The reason why Johnson reversed himself still isn’t clear, but it may have to do with a speedy outreach campaign to convince Johnson to hold off. Senate Republicans seem to think Sheehy—a young veteran and wealthy entrepreneur with no prior political experience—is best suited to take on Tester.

Crucially, Rosendale, a conservative agitator, has already lost to Tester once; in 2018, he was defeated by nearly three points in this typically red state.

While Rosendale has spent months teasing a Senate run, national Republicans have tried to box him out to no avail; the congressman is reportedly officially launching his campaign on Friday.

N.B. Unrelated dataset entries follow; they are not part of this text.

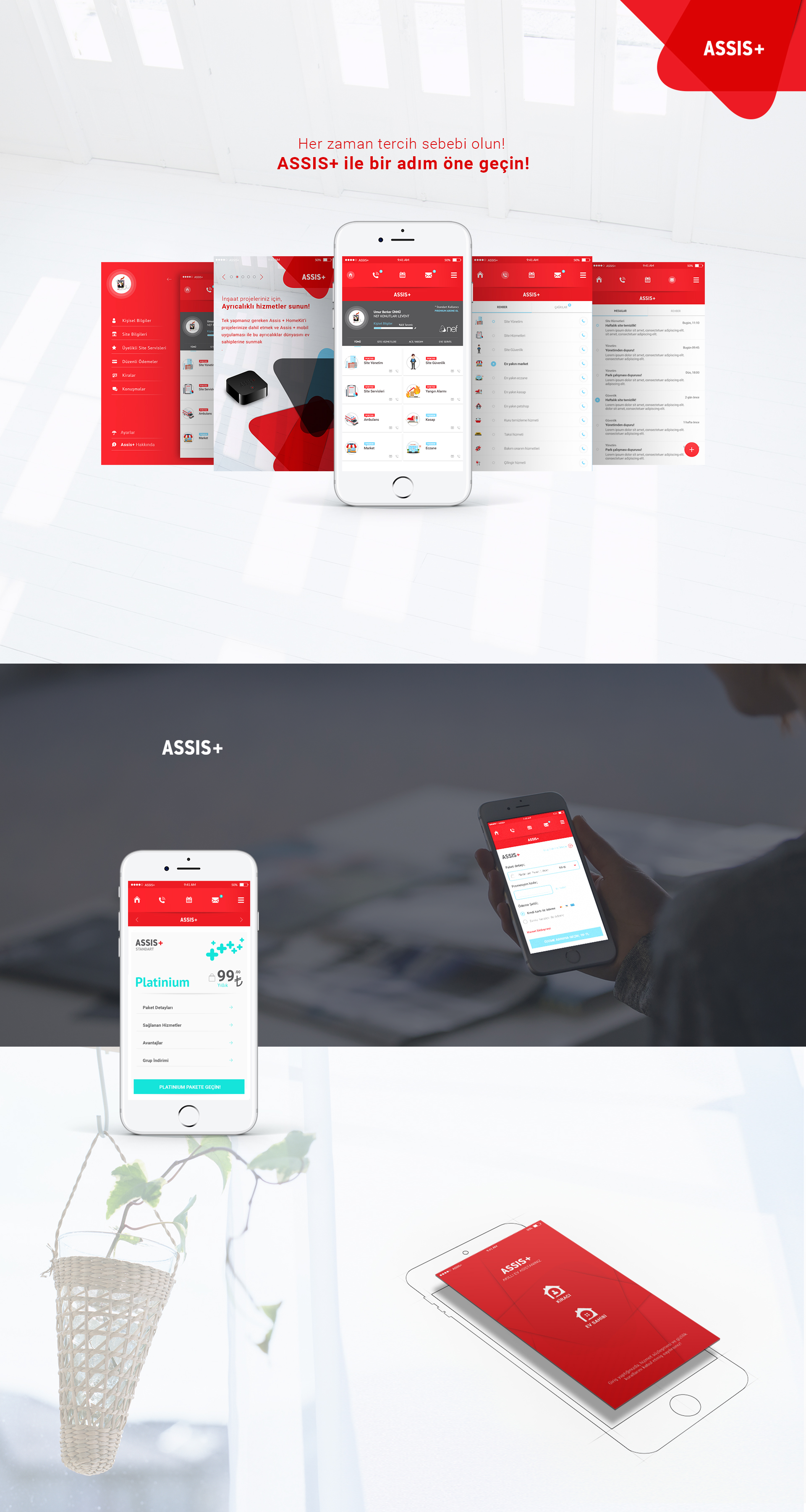 Web Mobil Uygulama Tasarımı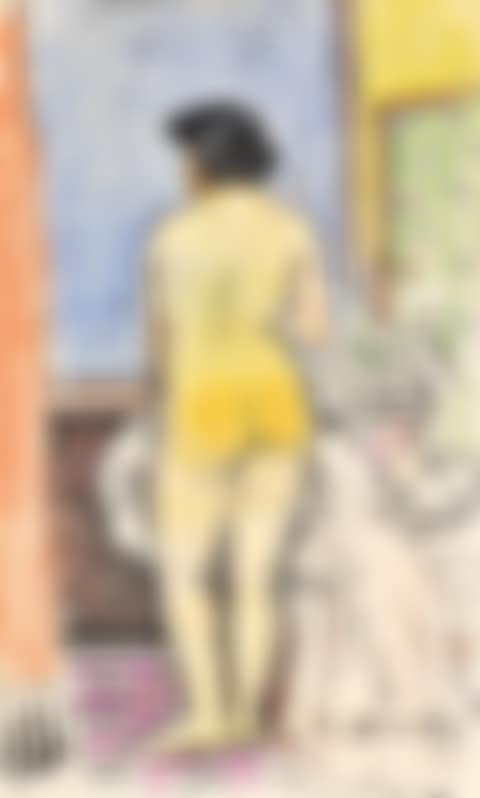 NUDE BY A WINDOW (preview)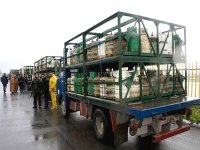 Stocks d'urgence de butane et de propane dans les localités éloignées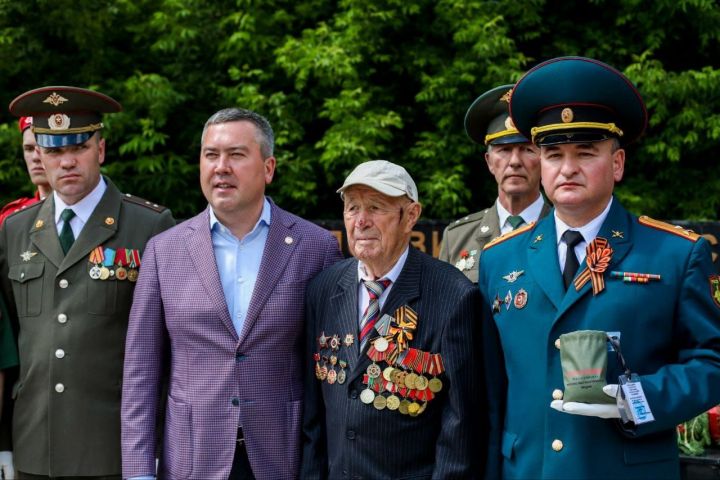 Завтра в Бугульме простятся с 97-летним ветераном Великой Отечественной войны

Amid the sudden backlash after Punchbowl reported the news Thursday morning, Johnson called at least one senator and one congressman and told them he no longer plans to endorse Rosendale. It’s just the latest flip-flop in Johnson’s short tenure as speaker, which is increasingly being defined by sudden shifts and strategic miscalculations.

Johnson’s team claimed there was never an endorsement, rather he had just “committed to sending a check from his leadership PAC to Congressman Rosendale.”

But another source close to Rosendale relayed that they believe the whole situation reflects just how amateurish both the new Speaker and the Senate hopeful are.

“These people,” the source said, “are impossibly dumb.”